Cá comigo, acho que esses produtos particularmente problemáticos: prometem uma grande revelação, mas fazem isso escondendo as regras do jogo.

A psicanálise tem aí um século de existência repetindo que a falta é inexorável ao humano, e que a vida pulsa justamente na busca de lidar com isso. Não tem o que fazer: falta mesmo e vai faltar. É por isso que a gente deseja, busca, trabalha e vive.

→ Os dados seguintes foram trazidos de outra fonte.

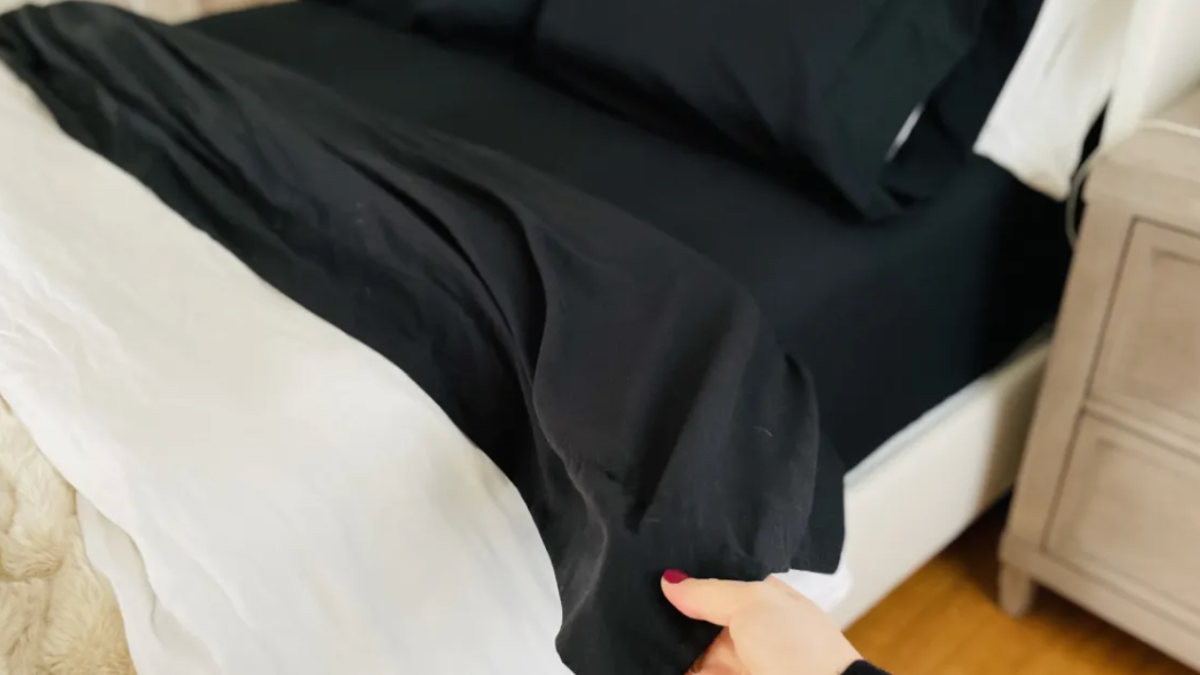 Linens & Hutch 6-Pc Sheet Set in the color black on a bed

O capitalismo nos diz que nossa falta é um problema, e que há um problema conosco na persistência dessa falta. Se faltar é um problema, consumir é a solução, e o produto / milagre nos permite operar como cirurgiões de nós mesmos, suturando a falta na esperança de paz. É a lógica que vai dizer algo como  ” quando eu tiver tal coisa, aí sim serei feliz”.

A sutura da falta cria outro problema. Afinal, diferente da promessa do capitalismo, a demanda não se ancora no consumo, e logo se atualiza em outra coisa. Meio cruel não é?

Lacan dizia que a falta da falta é completamente angustiante. Dá pra imaginar: é como não saber o que se quer comer e ir a um rodízio pra enxer a barriga. Nessa situação, algo não desce bem. E a gente come, come, come e a fome não passa. O sentimento que se produz é de colorido melancólico, algo como “não sei o quê ainda me falta”, “apesar de não me faltar nada, ainda não me sinto feliz”.

E essa demanda vai chegar aos consultórios dos profissionais psi, pela busca do medicamento ou de novas promessas. Algo que conserte essa felicidade quebrada.

Desconfiado que sou, não acredito nas promessas do capitalismo. Acho que quebraram nossa capacidade de coexistir e se impulsionar na falta. Que pena.

Por Larric Malacarne.

Ilustração: Yoshitaka Amano (Exposição Além da Fantasia, CCBB BH, Fevereiro de 2026)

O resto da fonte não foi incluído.